During the housing boom millions of Americans were taking advantage of “cash-out” refinancing to pay for home improvements, cars, boats, etc. In today’s economy, however, money is flowing in the opposite direction, and “cash-in” refis, where homeowners bring money to the closing table, are on the rise and are at their highest level since the 1980’s.money

For owners of Los Angeles real estate who have extra cash, cash-in refinancing has definite benefits, including:

  • Easier loan approval: By bringing in extra cash, borrowers can reduce their total loan amount, thus improving their loan-to-value (LTV) ratio and increasing their chances of qualifying for refinancing.
  • Elimination of necessary private mortgage insurance (PMI). The PMI is required of all homebuyers who have a down payment of less than 20%, and it generally costs about 1% of the loan amount annually. Bringing cash to the table to reach the 20% minimum will eliminate the need for PMI.
  • Escape from an underwater situation: Lenders will not refinance your Los Angeles real estate if you owe more than your property is worth and an underwater situation exists. However, if you can bring enough cash to closing, you can pay down the loan balance enough to eliminate the negative equity and thus refinance yourself out of the underwater status.
  • Better interest rate: Because you will qualify for a lower interest rate if your LTV rate is below 75%-80%, bringing cash to push you below that threshold certainly makes sense. In addition, since CD’s are currently earning only about 1% interest, and the stock market is erratic at best, homeowners who put their extra cash toward their mortgage and save money on their interest payments stand to gain approximately five times more in savings.
  • Reduction of mortgage term: For Los Angeles real estate owners who wish to shorten their 30 year mortgage to a 15 or 20 year one, adding extra cash to reduce the loan amount can make the increased monthly payments more bearable.

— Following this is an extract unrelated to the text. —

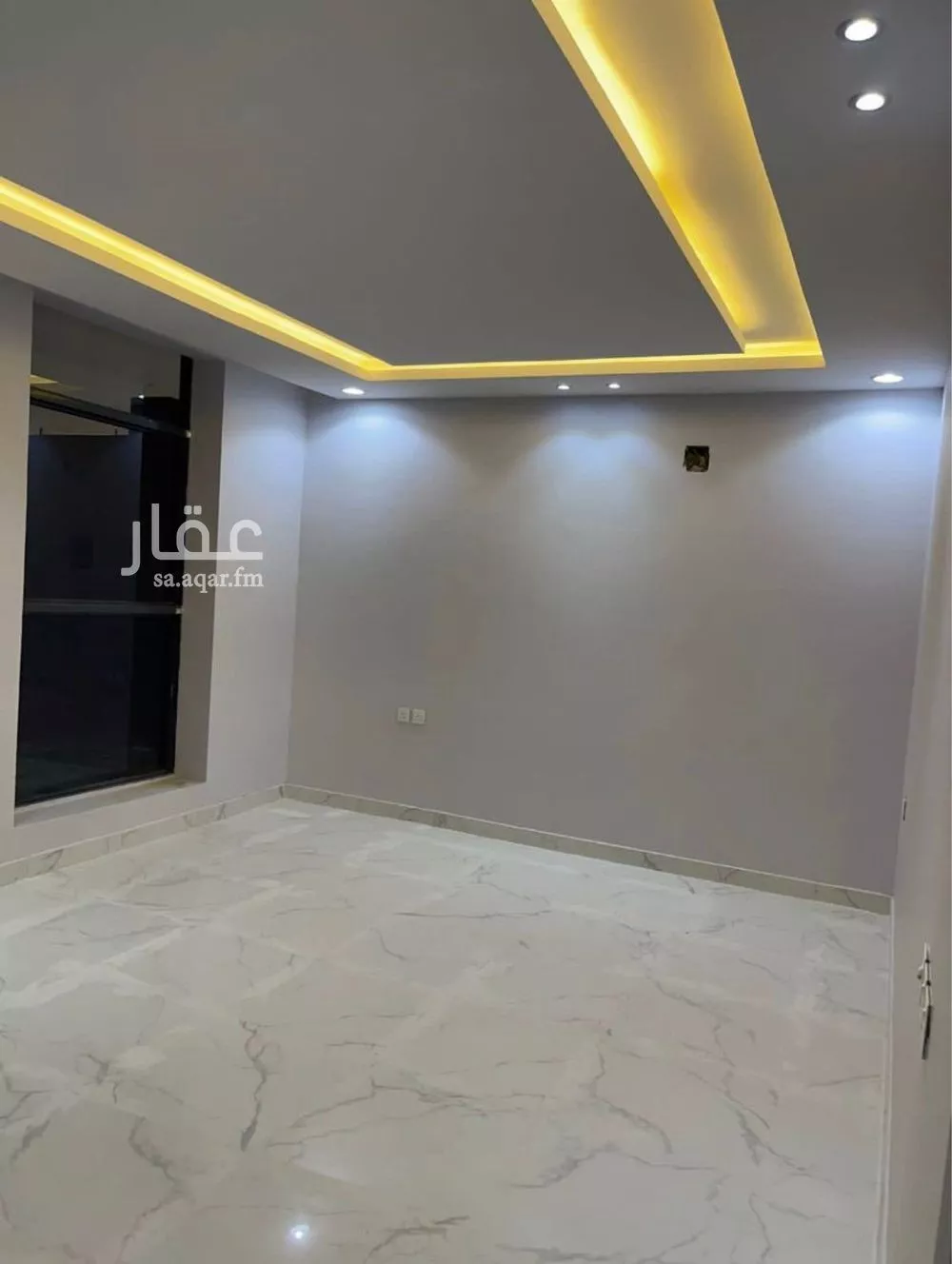 فيلا 6 غرف في الرمال 10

As with all financial matters, there are, of course, caveats. Cash-in refinancing is not a viable course of action for you if:

  • you plan on staying in the property for less than 5 years. Because of the expenses associated with refinancing (attorney’s fees, title search, etc.), cash-in refis can take you as long as four years to break even. Here is a helpful refinance calculator.
  • your credit score isn’t great. If your score is below 689, there is a very good chance that you won’t get a low enough interest rate to make cashing-in worthwhile.
  • you are strapped for cash. If participating in a cash-in refinance would leave you with no emergency fund, you should discard the idea.

While cash-in refinancing may sound appealing to you, it is important that you assess your current financial situation, figure out how long it will take you to benefit from such a move, and realistically determine if this option is a reasonable one for you.